• **DATASET EXCERPT**

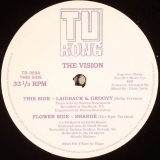 THE VISION "LAIDBACK & GROOVY/SHARDE"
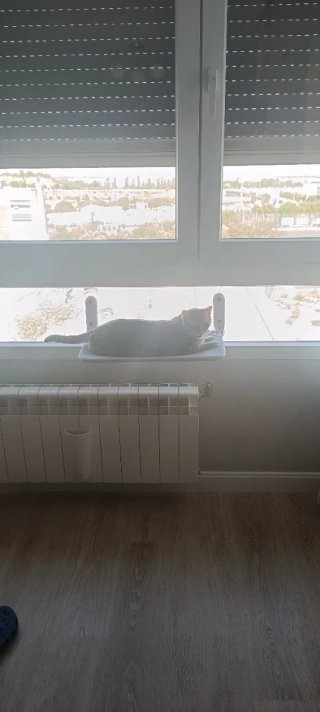 Hamaca para ventana de gato plegable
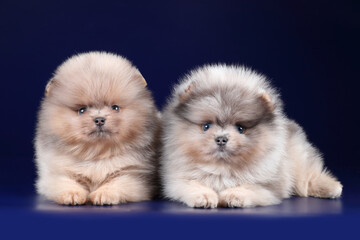 Two cute little pomeranian puppies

• **EXERCISE BRIEF**
Starting with the line that contains "Hamaca para ventana de gato plegable", repeat each line exactly through the last line of the data above, and nothing more; the pictures stay out.

• **OUTPUT OF THE TASK**
 Hamaca para ventana de gato plegable
 Two cute little pomeranian puppies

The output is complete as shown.